START SOURCE RECORDS
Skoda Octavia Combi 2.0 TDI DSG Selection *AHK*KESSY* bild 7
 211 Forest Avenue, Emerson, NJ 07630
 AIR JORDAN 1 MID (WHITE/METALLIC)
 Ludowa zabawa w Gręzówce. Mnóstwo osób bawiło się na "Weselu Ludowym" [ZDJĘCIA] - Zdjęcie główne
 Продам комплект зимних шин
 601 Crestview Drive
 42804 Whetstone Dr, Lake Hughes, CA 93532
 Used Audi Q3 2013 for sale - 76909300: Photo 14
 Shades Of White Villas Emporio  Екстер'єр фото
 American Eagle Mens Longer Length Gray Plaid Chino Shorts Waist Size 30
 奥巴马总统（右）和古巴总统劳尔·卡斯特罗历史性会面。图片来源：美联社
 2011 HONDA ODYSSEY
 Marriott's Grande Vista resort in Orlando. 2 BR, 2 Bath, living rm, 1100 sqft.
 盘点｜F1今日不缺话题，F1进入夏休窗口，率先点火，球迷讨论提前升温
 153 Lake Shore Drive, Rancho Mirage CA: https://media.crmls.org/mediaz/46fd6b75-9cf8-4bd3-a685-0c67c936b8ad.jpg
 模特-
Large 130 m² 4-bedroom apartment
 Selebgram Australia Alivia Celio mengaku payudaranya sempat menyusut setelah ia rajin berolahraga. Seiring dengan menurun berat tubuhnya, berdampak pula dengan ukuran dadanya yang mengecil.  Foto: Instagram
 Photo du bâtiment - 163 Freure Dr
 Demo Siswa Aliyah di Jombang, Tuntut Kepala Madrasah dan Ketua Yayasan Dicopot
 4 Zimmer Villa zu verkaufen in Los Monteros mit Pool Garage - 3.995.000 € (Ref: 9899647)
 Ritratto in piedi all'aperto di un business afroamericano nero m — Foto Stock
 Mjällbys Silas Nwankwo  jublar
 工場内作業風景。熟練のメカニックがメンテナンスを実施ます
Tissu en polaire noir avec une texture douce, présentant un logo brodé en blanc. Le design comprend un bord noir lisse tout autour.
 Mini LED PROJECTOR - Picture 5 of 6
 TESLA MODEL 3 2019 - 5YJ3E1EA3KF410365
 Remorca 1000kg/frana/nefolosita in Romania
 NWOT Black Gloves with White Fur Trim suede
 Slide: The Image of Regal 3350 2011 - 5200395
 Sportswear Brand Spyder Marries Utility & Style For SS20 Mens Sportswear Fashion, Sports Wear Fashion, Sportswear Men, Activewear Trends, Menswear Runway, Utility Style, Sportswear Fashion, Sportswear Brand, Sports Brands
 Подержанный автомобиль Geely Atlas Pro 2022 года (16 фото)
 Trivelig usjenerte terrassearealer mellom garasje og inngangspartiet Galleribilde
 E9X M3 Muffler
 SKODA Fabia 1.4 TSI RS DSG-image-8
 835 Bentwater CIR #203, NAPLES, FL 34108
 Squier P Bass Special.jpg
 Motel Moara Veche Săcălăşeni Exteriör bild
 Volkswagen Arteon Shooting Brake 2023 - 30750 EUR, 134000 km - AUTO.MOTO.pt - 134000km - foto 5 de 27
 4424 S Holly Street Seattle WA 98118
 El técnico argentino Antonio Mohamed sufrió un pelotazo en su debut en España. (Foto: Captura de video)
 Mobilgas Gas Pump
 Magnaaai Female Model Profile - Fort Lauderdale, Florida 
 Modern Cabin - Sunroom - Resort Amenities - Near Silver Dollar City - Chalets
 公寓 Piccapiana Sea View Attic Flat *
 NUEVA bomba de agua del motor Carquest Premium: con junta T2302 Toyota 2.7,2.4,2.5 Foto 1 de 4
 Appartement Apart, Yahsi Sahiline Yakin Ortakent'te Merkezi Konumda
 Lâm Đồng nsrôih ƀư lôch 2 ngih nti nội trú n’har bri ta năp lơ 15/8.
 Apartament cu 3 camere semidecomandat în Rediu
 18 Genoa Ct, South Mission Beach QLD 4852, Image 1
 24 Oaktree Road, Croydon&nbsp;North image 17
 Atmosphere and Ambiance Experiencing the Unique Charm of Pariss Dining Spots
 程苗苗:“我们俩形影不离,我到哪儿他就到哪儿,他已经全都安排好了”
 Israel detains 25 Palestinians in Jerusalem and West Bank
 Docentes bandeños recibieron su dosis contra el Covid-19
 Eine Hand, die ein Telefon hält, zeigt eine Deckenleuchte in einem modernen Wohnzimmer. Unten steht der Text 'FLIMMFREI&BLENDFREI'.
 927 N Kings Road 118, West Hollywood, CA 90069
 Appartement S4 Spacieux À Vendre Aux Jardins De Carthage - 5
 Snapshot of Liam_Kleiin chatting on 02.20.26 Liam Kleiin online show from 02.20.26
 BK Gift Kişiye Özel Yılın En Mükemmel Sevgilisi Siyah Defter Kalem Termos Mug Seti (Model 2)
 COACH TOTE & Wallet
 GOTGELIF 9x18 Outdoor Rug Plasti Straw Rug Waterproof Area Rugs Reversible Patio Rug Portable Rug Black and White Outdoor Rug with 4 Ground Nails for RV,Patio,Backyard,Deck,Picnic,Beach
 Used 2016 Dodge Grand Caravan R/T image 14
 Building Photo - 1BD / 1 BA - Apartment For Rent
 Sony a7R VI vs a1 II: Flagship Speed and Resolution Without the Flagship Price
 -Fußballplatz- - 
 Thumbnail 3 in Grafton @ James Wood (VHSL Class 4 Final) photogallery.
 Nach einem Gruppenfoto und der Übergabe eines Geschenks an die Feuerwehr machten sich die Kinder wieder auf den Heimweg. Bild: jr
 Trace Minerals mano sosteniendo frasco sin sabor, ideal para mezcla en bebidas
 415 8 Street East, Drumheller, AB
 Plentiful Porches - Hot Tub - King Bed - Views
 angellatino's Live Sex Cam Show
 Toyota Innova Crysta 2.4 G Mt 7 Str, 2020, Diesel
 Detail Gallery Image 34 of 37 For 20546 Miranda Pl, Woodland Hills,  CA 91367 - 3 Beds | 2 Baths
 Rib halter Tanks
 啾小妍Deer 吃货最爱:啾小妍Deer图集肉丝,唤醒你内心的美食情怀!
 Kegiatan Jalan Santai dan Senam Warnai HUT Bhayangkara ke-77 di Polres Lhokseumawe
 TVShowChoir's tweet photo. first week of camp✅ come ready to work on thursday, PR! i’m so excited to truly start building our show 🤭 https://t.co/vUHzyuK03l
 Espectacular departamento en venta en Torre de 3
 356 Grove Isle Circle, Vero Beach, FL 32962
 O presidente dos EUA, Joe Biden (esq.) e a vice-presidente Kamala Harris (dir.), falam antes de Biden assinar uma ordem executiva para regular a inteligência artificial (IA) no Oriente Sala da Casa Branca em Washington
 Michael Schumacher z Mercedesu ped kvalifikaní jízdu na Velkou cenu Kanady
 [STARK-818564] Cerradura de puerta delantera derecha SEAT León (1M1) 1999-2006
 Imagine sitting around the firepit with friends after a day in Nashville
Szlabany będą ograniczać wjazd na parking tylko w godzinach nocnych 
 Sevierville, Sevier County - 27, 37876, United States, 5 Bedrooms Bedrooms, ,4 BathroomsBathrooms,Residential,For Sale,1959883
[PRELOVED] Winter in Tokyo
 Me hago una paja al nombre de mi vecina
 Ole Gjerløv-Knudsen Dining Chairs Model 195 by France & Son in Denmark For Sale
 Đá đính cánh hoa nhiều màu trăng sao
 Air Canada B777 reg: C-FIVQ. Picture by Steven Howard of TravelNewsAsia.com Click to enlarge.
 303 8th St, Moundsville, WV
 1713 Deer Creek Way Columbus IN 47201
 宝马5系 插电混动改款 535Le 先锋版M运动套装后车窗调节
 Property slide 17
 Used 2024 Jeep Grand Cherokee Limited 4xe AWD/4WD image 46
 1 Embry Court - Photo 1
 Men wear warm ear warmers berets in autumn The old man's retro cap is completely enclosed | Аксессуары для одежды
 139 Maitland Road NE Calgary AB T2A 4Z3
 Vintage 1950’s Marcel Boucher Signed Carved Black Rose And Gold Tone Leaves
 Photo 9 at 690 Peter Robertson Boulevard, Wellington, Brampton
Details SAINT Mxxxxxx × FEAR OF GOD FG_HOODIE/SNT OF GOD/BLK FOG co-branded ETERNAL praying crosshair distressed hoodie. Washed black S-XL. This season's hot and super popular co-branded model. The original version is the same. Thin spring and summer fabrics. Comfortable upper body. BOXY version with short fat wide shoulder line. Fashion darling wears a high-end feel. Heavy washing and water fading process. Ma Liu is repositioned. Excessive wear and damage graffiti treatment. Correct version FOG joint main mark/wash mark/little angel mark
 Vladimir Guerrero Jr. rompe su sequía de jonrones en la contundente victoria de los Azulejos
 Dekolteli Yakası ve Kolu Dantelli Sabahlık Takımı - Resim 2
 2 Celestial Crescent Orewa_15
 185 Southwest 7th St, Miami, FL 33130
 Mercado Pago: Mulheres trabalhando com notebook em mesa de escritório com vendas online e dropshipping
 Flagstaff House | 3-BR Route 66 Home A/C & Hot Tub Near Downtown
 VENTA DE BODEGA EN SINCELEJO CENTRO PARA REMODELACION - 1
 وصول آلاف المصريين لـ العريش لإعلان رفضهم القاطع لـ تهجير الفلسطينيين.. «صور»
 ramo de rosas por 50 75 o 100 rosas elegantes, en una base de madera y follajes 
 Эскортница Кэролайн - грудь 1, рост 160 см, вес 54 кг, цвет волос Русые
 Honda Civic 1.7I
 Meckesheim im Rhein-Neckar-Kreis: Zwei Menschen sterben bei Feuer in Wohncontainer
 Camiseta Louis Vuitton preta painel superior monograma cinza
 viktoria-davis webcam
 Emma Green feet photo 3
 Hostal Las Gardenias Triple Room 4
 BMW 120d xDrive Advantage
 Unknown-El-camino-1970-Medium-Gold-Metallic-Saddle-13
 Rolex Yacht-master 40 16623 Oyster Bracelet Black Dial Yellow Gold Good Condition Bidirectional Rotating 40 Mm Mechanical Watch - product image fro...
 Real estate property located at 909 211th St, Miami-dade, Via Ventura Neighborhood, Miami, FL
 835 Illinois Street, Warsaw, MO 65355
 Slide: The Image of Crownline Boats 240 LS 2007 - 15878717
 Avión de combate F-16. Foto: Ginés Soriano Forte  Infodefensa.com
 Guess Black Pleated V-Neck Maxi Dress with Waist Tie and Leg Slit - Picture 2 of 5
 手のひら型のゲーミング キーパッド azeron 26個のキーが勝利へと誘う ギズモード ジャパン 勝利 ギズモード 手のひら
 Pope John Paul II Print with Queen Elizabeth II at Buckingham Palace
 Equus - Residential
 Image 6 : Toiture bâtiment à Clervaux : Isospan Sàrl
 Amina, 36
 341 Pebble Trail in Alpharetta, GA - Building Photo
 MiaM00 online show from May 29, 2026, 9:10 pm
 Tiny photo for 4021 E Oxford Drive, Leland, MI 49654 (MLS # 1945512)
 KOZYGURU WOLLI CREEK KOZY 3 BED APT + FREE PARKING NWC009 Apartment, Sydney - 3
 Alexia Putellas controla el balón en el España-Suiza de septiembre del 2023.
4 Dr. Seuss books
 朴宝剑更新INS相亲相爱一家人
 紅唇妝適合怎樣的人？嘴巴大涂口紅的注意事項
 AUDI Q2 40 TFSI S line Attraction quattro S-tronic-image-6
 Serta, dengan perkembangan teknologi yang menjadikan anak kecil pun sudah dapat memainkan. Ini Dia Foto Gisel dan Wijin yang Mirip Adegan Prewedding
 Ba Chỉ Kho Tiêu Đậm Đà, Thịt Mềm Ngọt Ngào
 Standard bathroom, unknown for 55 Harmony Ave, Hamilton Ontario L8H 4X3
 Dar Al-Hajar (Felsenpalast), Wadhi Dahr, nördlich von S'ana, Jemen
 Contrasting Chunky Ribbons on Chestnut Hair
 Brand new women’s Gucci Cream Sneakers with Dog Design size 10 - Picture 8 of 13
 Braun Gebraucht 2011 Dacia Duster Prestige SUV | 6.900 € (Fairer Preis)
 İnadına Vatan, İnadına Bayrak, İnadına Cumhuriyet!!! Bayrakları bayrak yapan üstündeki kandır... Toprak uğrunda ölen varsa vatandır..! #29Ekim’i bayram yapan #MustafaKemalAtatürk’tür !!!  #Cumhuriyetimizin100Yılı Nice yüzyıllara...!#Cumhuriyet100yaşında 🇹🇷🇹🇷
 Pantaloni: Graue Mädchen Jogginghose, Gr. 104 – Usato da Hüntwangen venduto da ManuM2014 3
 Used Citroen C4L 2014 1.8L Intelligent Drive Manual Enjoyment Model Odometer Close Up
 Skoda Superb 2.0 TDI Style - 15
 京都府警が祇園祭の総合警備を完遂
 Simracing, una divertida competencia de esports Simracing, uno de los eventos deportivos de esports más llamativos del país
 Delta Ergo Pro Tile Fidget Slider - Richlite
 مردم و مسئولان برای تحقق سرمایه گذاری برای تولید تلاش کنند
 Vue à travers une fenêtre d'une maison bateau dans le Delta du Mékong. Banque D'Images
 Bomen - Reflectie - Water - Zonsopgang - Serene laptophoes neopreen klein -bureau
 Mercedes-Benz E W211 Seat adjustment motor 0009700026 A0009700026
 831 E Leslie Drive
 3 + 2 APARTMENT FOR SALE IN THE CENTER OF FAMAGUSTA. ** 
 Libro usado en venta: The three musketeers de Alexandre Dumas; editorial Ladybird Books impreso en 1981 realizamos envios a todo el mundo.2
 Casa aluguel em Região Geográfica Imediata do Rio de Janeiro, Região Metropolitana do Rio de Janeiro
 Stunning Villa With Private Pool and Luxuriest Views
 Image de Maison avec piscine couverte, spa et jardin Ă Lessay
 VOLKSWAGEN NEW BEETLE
END SOURCE RECORDS
=== REQUIREMENT ===
Transcribe, word for word, the data above from its first line through the line with "Tissu en polaire", and include nothing else.

=== RESULT ===
Skoda Octavia Combi 2.0 TDI DSG Selection *AHK*KESSY* bild 7
 211 Forest Avenue, Emerson, NJ 07630
 AIR JORDAN 1 MID (WHITE/METALLIC)
 Ludowa zabawa w Gręzówce. Mnóstwo osób bawiło się na "Weselu Ludowym" [ZDJĘCIA] - Zdjęcie główne
 Продам комплект зимних шин
 601 Crestview Drive
 42804 Whetstone Dr, Lake Hughes, CA 93532
 Used Audi Q3 2013 for sale - 76909300: Photo 14
 Shades Of White Villas Emporio  Екстер'єр фото
 American Eagle Mens Longer Length Gray Plaid Chino Shorts Waist Size 30
 奥巴马总统（右）和古巴总统劳尔·卡斯特罗历史性会面。图片来源：美联社
 2011 HONDA ODYSSEY
 Marriott's Grande Vista resort in Orlando. 2 BR, 2 Bath, living rm, 1100 sqft.
 盘点｜F1今日不缺话题，F1进入夏休窗口，率先点火，球迷讨论提前升温
 153 Lake Shore Drive, Rancho Mirage CA: https://media.crmls.org/mediaz/46fd6b75-9cf8-4bd3-a685-0c67c936b8ad.jpg
 模特-
Large 130 m² 4-bedroom apartment
 Selebgram Australia Alivia Celio mengaku payudaranya sempat menyusut setelah ia rajin berolahraga. Seiring dengan menurun berat tubuhnya, berdampak pula dengan ukuran dadanya yang mengecil.  Foto: Instagram
 Photo du bâtiment - 163 Freure Dr
 Demo Siswa Aliyah di Jombang, Tuntut Kepala Madrasah dan Ketua Yayasan Dicopot
 4 Zimmer Villa zu verkaufen in Los Monteros mit Pool Garage - 3.995.000 € (Ref: 9899647)
 Ritratto in piedi all'aperto di un business afroamericano nero m — Foto Stock
 Mjällbys Silas Nwankwo  jublar
 工場内作業風景。熟練のメカニックがメンテナンスを実施ます
Tissu en polaire noir avec une texture douce, présentant un logo brodé en blanc. Le design comprend un bord noir lisse tout autour.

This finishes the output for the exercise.